I hope you are talking about furnishing your book in the regular Kindle ebook format and not in a PDF or an ebook converted from a PDF. Both of these have proven to be unsatisfactory, for the most part.

Any ebook can be copied if the desire is there and people know where to find the programs to do it. There isn’t anything foolproof. You're going to have to rely on the basic honesty of most people. Even publishing only in print won't prevent piracy, as proven by the availability of the Harry Potter books in ebook format before the printed ones were distributed despite J. K. Rowlings' well-known refusal to allow her work to be furnished as an ebook. 

Mike


----------



## geko29 (Dec 23, 2008)

The file can be copied wherever the hell you want to.  You can put it on an SD card and stick it in your cell phone.  However, unless the DRM is broken (which is illegal but not impossible), that specific file will ONLY ever open in a readable format on the specific Kindle it was purchased for.  Mobipocket is essentially the same format, and thus has the same limitations on its usage.

There are other forms of DRM that behave similarly.  Adobe has one (called digital editions), and cryptix has one called MyScribe.  Both are used quite heavily for textbook distribution.  And if any type of printed material would encourage piracy, it's a $180 book that none of the customers actually WANT to buy and will only be used for 2-4 months.  So they're reasonably safe for the vast majority of potential customers (nothing is unbreakable).

But there are plenty of authors who find great success in selling drm-free books on sites like smashwords.  There are lots of honest readers out there who won't hesitate to buy your stuff if it's priced fairly and is content they're interested in.  Yes, it will be copied and shared around, but the majority of the people who will do so probably wouldn't have purchased a copy anyway.  There's some side benefits to this method as well.  A tiny of percentage of the dirty thieves who never would have bought your stuff to begin with may like what they read (most of them won't read it in the first place, and are just collecting stuff in case they ever decide to), and buy something from you in the future, which makes you money that you never would have seen otherwise.  Additionally, some honest people are vehemently anti-DRM, and will happily buy an unlocked copy of your book, but wouldn't if it were a restricted Kindle, mobi, or PDF.  Again, more "found money".


----------



## Thomas (Apr 2, 2009)

The book was formated in all HTML. It was not a converted PDf.

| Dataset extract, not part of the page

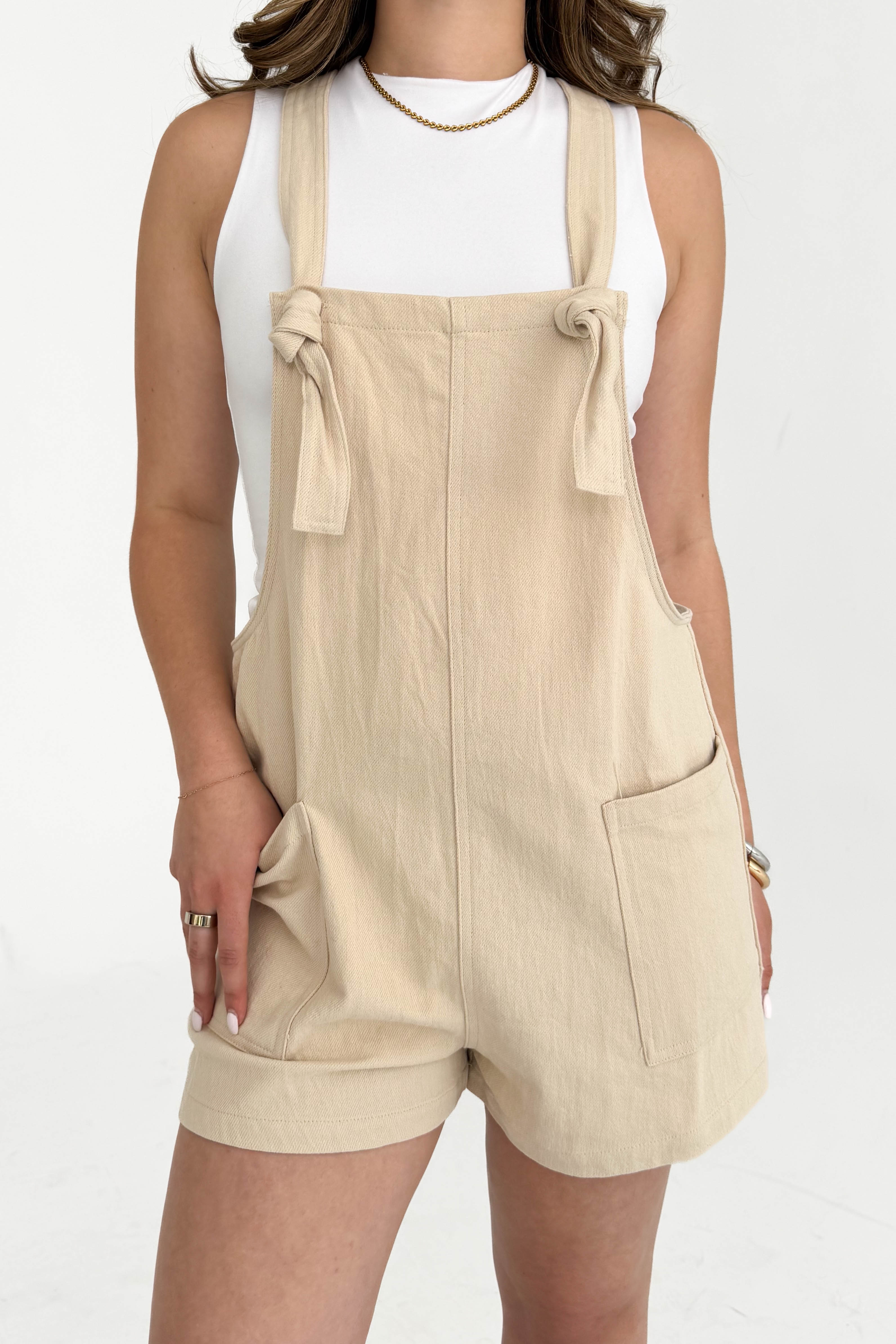 Bianca Overalls in Stone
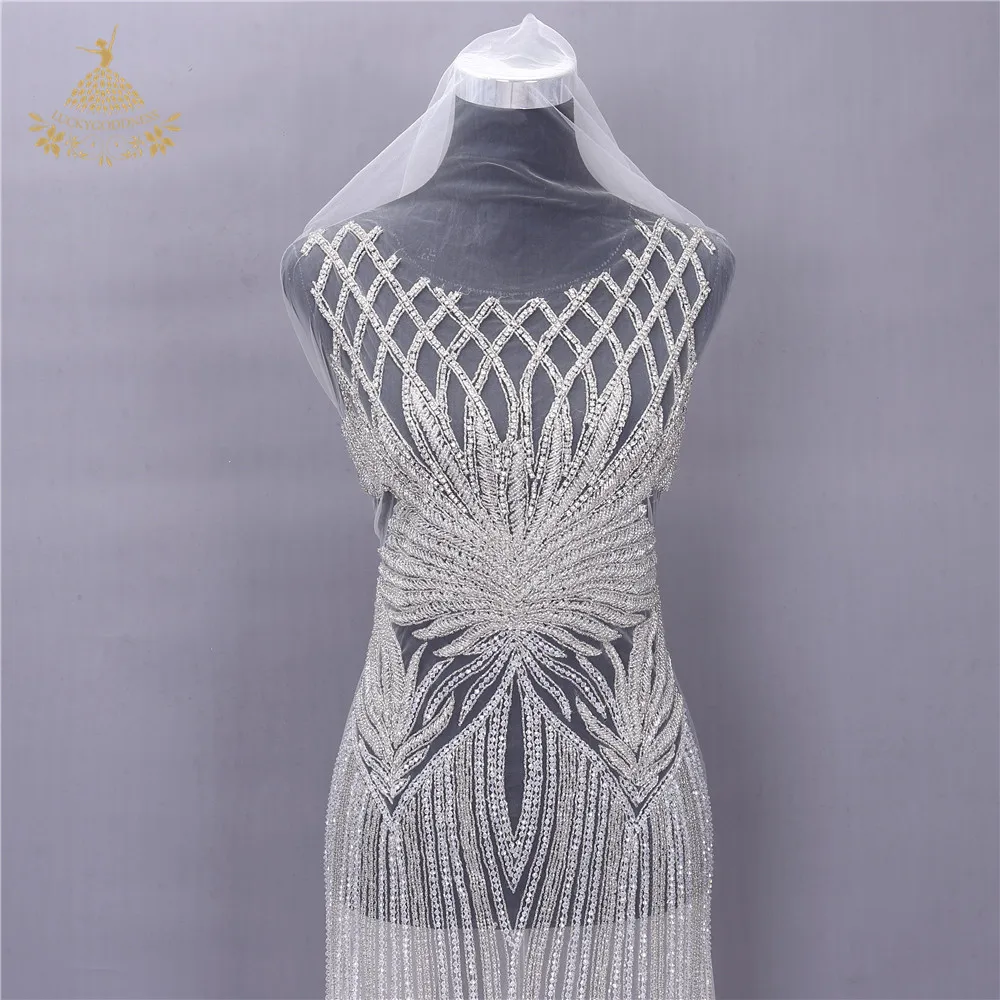 Свадебные Длинные нашивки со стразами Аппликация для свадебного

It was specifically designed for the Kindle. Nothing seems fool proof, but the prices are so low I would think most people would be honest and buy the kindle books.


----------



## pidgeon92 (Oct 27, 2008)

Amazon Kindle e-books have DRM and cannot be shared among Kindles. A distributed PDF can be shared among many platforms, but can be password protected, or otherwise protected.

You need to be more explicit about what you mean by "publishing."

FYI, I merged the topics from Let's Talk Kindle and the Book Bazaar together.


----------